No duda Robert Burton en citar a Séneca: “…como la carne es al cuerpo, así es la lectura para el alma”. Si algo debe ser el artista, escritor, pintor, cineasta o creativo es lector, “mirador” y conciliador de disciplinas dispares para encontrar consuelo, en principio, y después para alimentar la propia obra.

La voluminosa obra de Burton se ocupa de muchos más apuntes y detalles de los aquí traídos. Pero resulta interesante comprobar los males físicos que destaca en los que dedican su tiempo al estudio o a la escritura, tanto en sus tripas como en su seso. Pero no duda el autor en recordar que la escritura “…es como una bótica en la que se encuentran todos los remedios para las dolencias  de la mente, purgantes, cordiales, alterativos, conformativos, lenitivos, etc. `Toda enfermedad del alma  –decía Agustín– tiene en la escritura una medicina especial, y sólo se requiere que un hombre tome la poción que Dios ha mezclado”.

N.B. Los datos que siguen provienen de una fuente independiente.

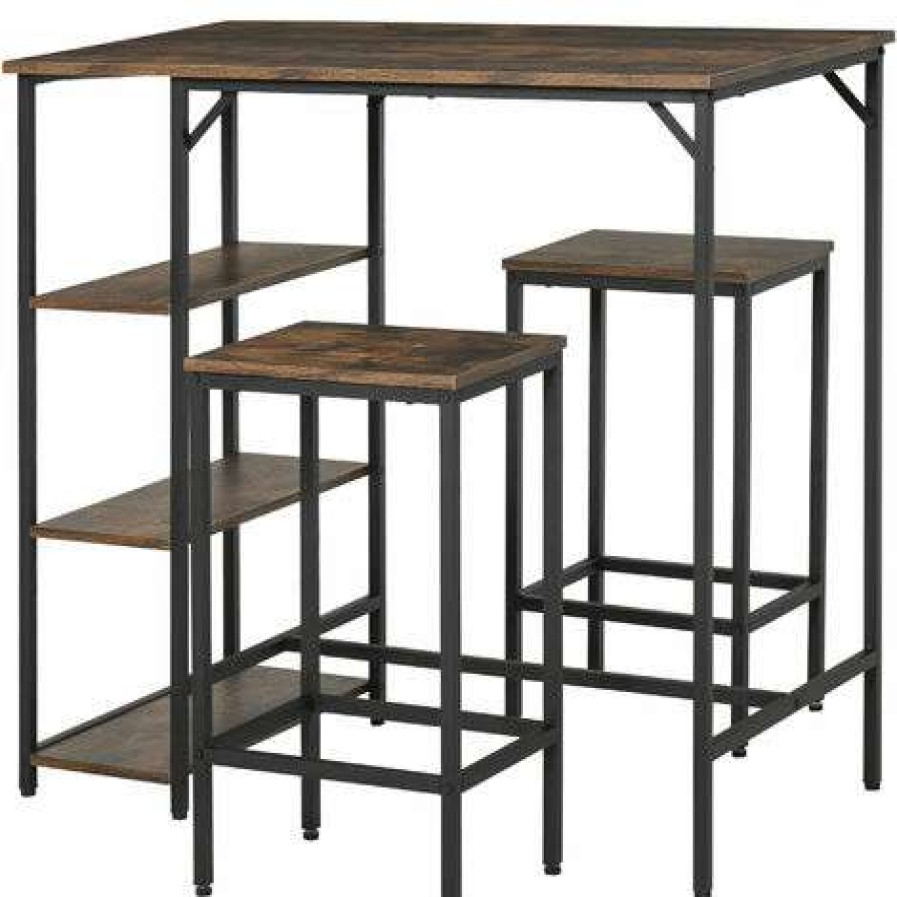 Table Haute Et Bar * | Les Meilleures Critiques De Homcom Ensemble Table De Bar 3 Etageres 2 Tabourets Style Industriel Metal Noir Aspect Vieux Bois Veinage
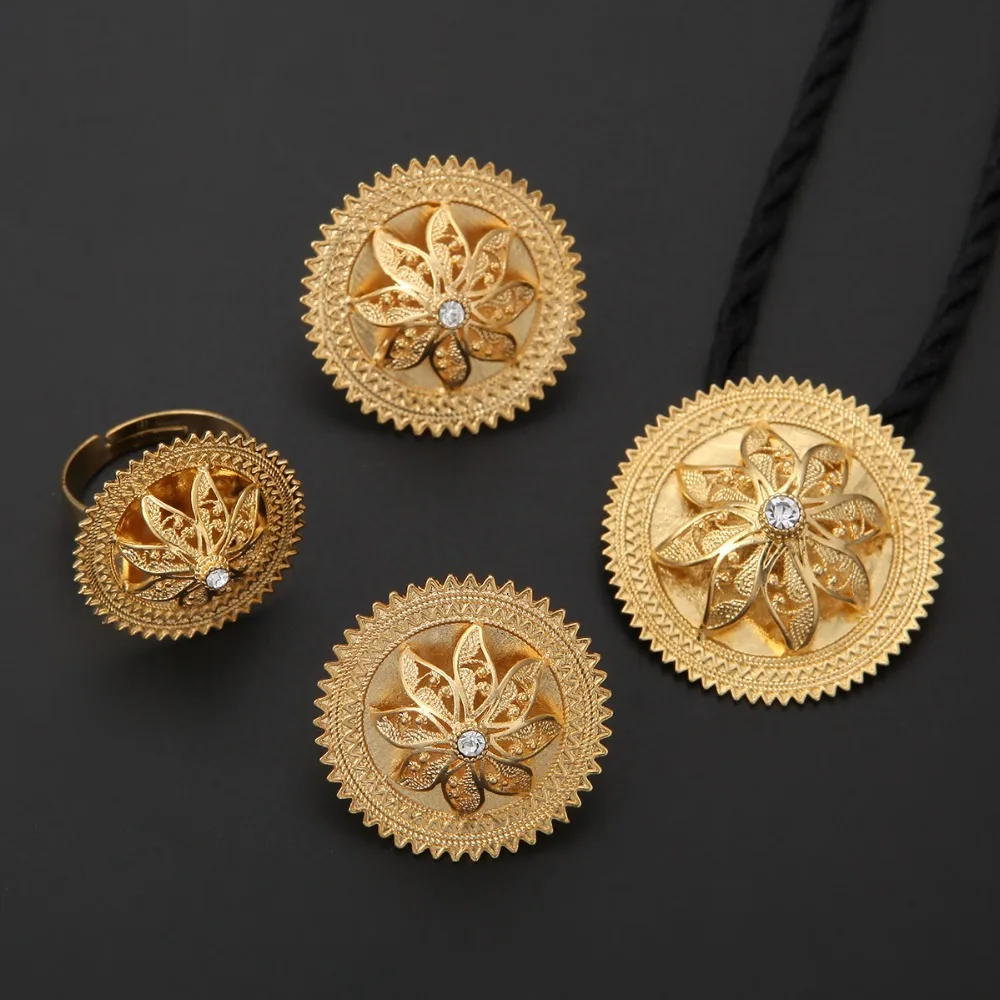 Новый Этнический комплект ювелирных изделий из эфиопской цепочки с подвеской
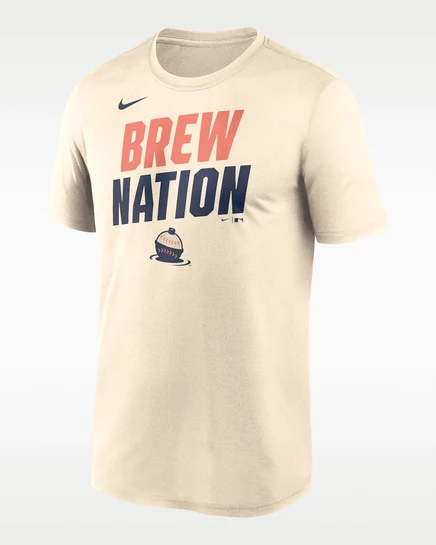 Мужская футболка Nike Milwaukee Brewers City Connect Dri-FIT, кремовая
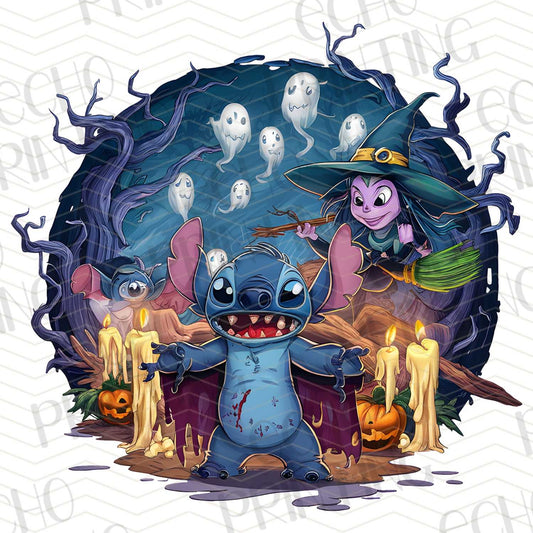 HLW 161 - GHOSTS AND CANDLELIGHT SCENE WITH BLUE ALIEN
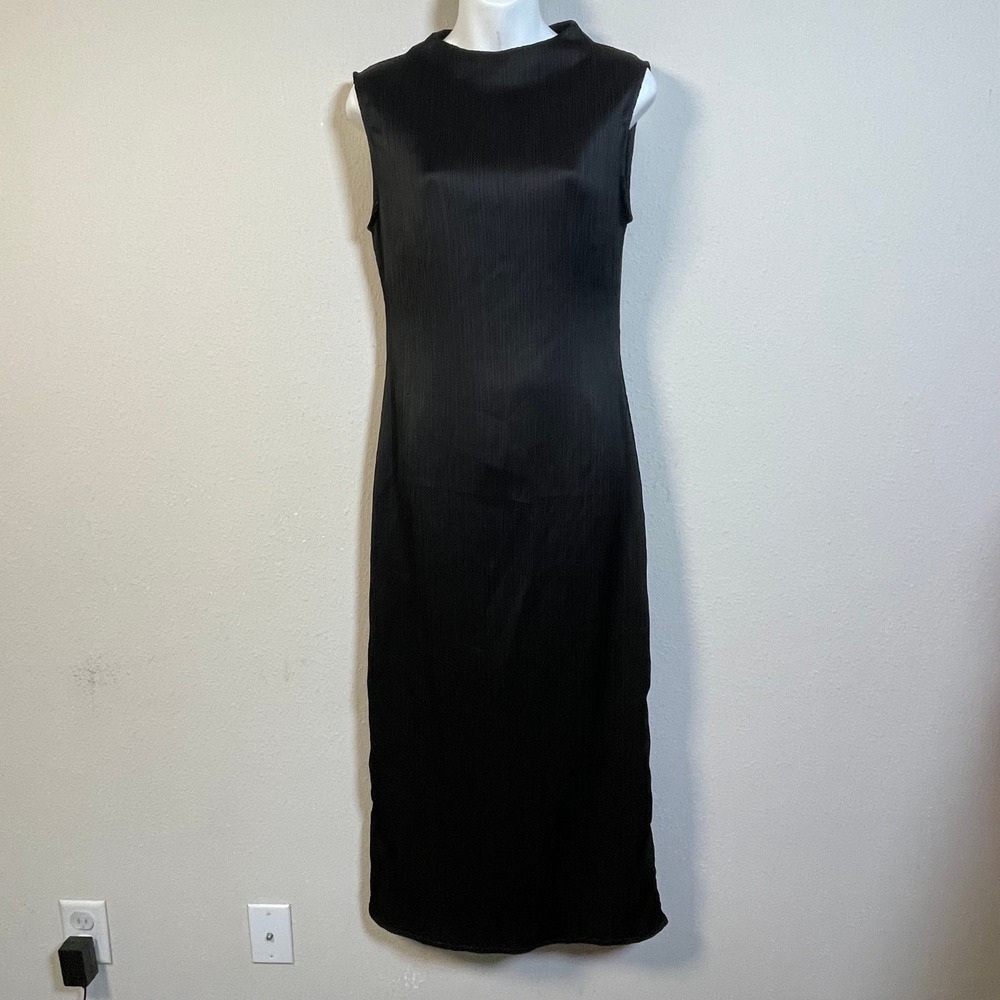 Camila Coelho Plissé Maxi Dress Women S Black Sleeveless Textured Column Formal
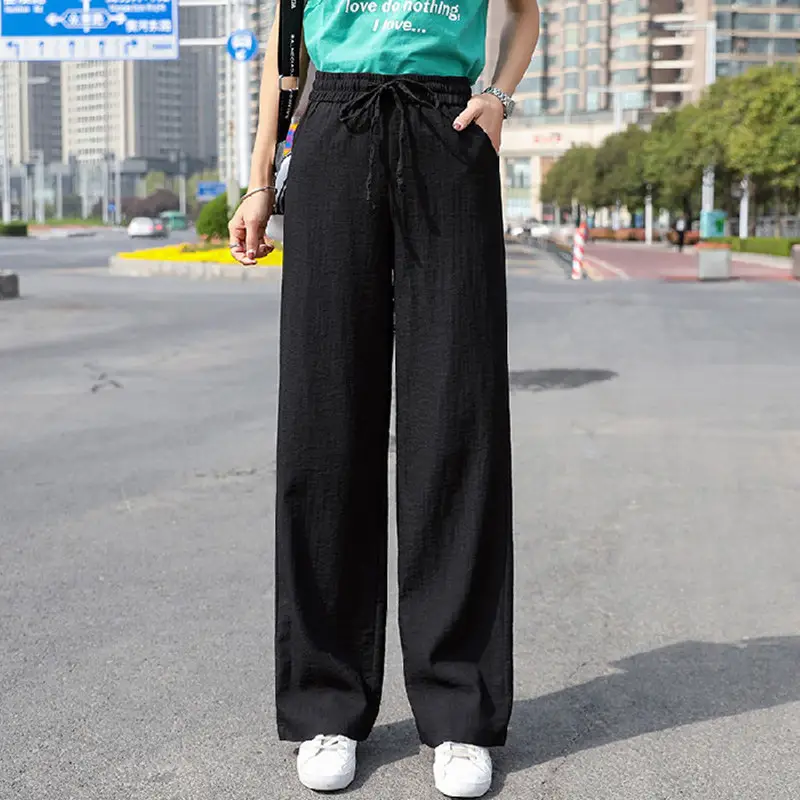Wide Leg Ice Silk Pants Light Blue Women - Image 8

Y, en mi caso, como el propósito de encomendarme a tal remedio bosquejo estas páginas, como sanación de una enfermedad que tiene su centro en el alma, en el ánimo o en el ánima, pero cuyos efectos también los siente el cuerpo, ya sea por simpatía, o por las pócimas que se nos prescriben para tratar enfermedades tan próximas al alma como el tuétano al hueso.

Que nadie piense que en mi ánimo se encuentra el considerar estas líneas autobiográficas esenciales para ningún conocimiento, incluso me extraña que alguien pueda sacar algún provecho de las mismas.  Pero al menos, aclararán  algunos puntos que se han querido oscurecer de mi recorrido vital, al tiempo que la escritura de mis aconteceres contribuye a sanarme tanto en cuerpo como en espíritu.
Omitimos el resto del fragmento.